# DarbeeVision announces Cobalt



## AtomicAgeZombie (May 2, 2012)

Here's DarbeeVision's newest addition. I still can't decide if these things are worth the money...

http://www.engadget.com/2013/01/08/darbeevision-announces-cobalt-video-processor-set-to-enhance-any/


----------



## jgourlie (Jun 16, 2012)

Nice!!!

This seems to be what I am looking for as I didn't get on the darblet band wagon early enough when it was at the $269 price point. Once it jumped to $349 I was out....but now that it looks like they have the exact same thing at $269 again, I am back in....well maybe...LOL


----------



## KelvinS1965 (Feb 6, 2011)

Have to say I was extremely sceptical myself, but then one came up for sale secondhand local to me, so I figured I'd try it and sell it on for no loss if I didn't like it. I have to say that after 3-4 months I've slightly reduced the setting I have it on from 55% to 40%, but I still find it useful. This is in addition to a full 125 point calibration. However, this is on a projector: I didn't think it did much for my TV, plus it was easier to connect it up near the projector rather than trying to 'share' the Darbee between both displays.

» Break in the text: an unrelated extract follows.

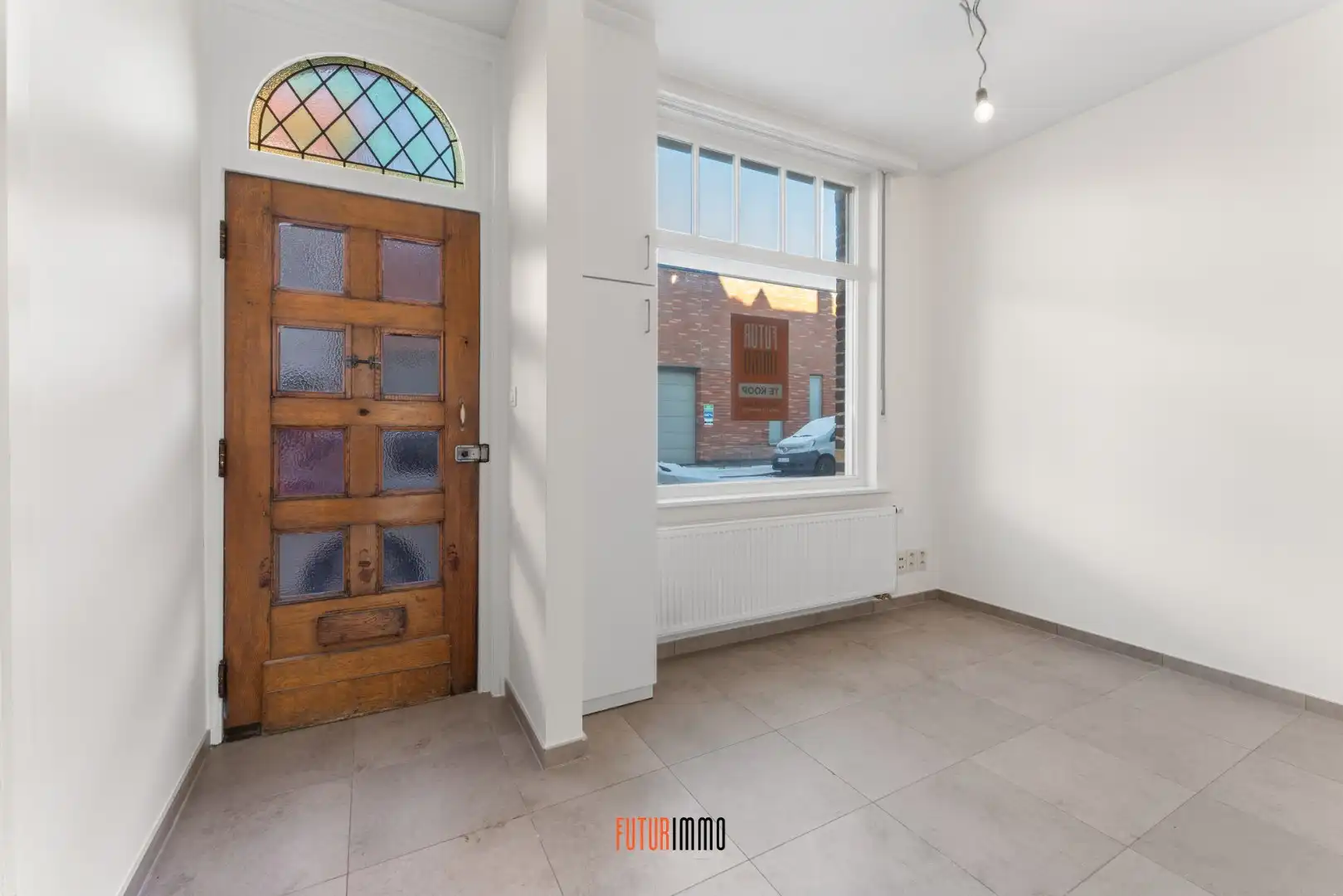 Karaktervolle stadswoning met authentieke gevel foto 2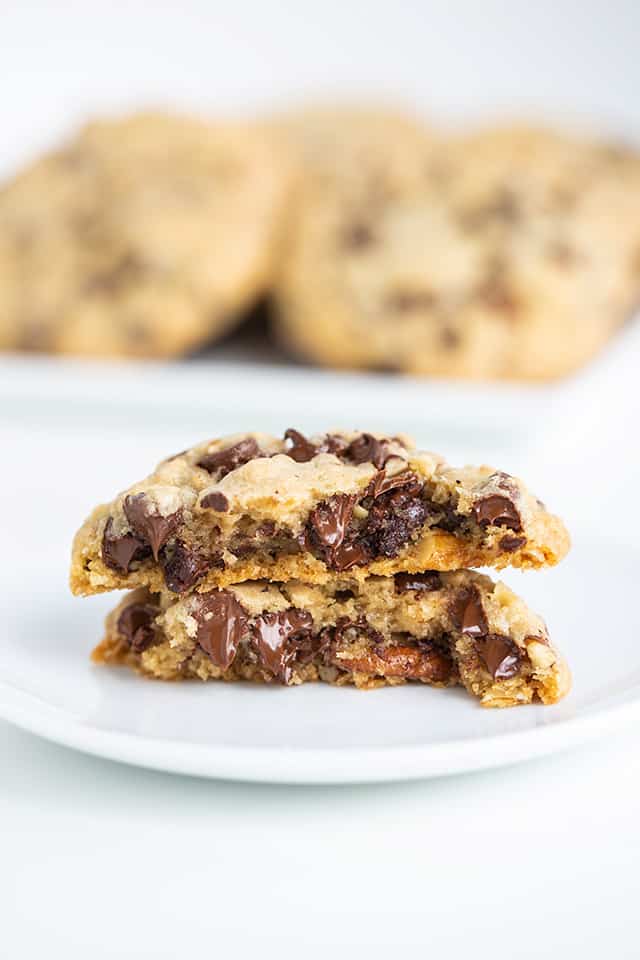 warm chocolate chip cookie on a white plate with melted chocolate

Not sure what they've cut out for the Cobalt, but if it only has the HD mode with low, medium and high settings then that would have done for me anyway I reckon. Still my used one was cheap enough...


----------



## jgourlie (Jun 16, 2012)

It looks like it doesn't have 3D enhancement which is the only thing it's missing. I am awfully tempted at the $269 price point


----------



## KelvinS1965 (Feb 6, 2011)

Correct, I should have added that in my earlier post, the Cobalt doesn't process 3D so it's only for 2D users. Again it would suit me as I didn't bother buying the 3D emitter or glasses for my X35, but I've already got my Darbee.


----------



## Jungle Jack (Jul 28, 2009)

Hello,
I used a DVP with my Panasonic TC-P60GT50 and while I found it relatively pleasant, I would only add this if I were completely set with speakers, display, amplification, etc.. More of a cherry on the top situation to me.
Cheers,
JJ


----------



## mechman (Feb 8, 2007)

At $269, it's still not a value to me. It has to come down at least another $100.


----------



## lcaillo (May 2, 2006)

I bet if it was shaped like a hockey puck you would get one.


----------